** Recorded data follows **

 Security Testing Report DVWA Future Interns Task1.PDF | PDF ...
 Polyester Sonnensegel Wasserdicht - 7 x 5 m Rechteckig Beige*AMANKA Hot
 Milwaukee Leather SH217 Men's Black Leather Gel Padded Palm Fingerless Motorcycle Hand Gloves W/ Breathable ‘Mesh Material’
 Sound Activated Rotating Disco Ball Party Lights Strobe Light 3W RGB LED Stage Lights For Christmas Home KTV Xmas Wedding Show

** End of Recorded data **
** Recorded data follows **

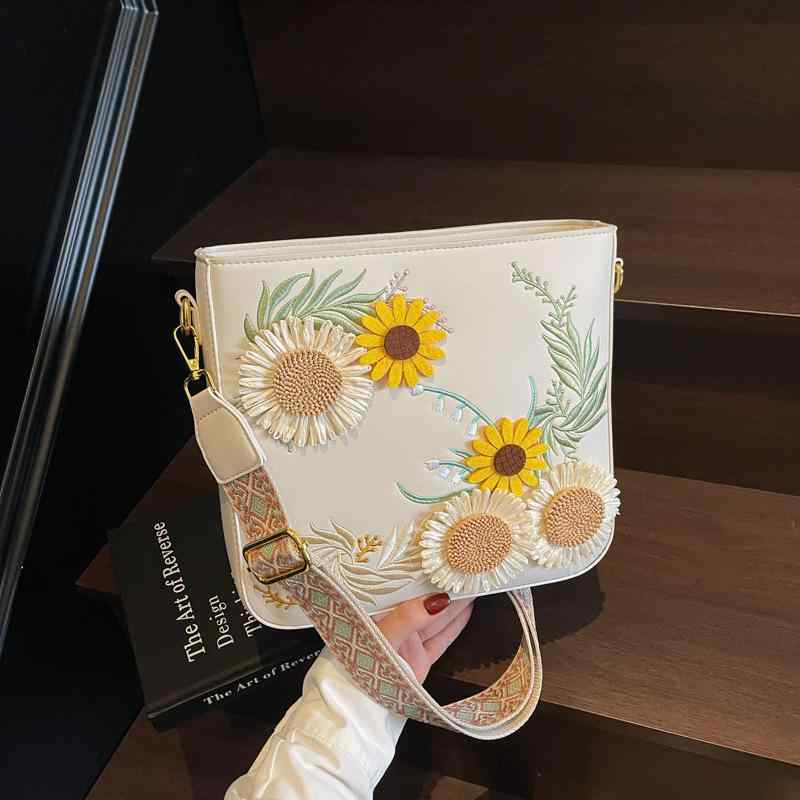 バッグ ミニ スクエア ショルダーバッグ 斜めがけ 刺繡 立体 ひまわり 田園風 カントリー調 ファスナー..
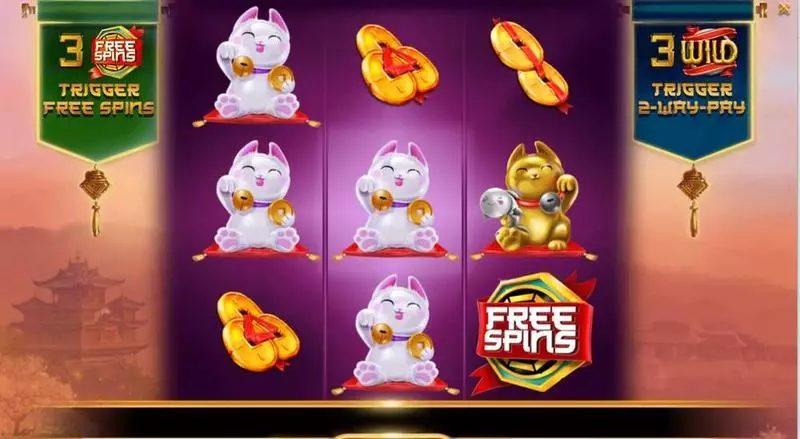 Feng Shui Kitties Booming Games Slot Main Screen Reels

** End of Recorded data **

- Assignment:
Nothing but the lines above from the one containing "Security Testing Report" through the one containing "Milwaukee Leather SH217" should appear in the answer, each repeated exactly.

- Written answer:
 Security Testing Report DVWA Future Interns Task1.PDF | PDF ...
 Polyester Sonnensegel Wasserdicht - 7 x 5 m Rechteckig Beige*AMANKA Hot
 Milwaukee Leather SH217 Men's Black Leather Gel Padded Palm Fingerless Motorcycle Hand Gloves W/ Breathable ‘Mesh Material’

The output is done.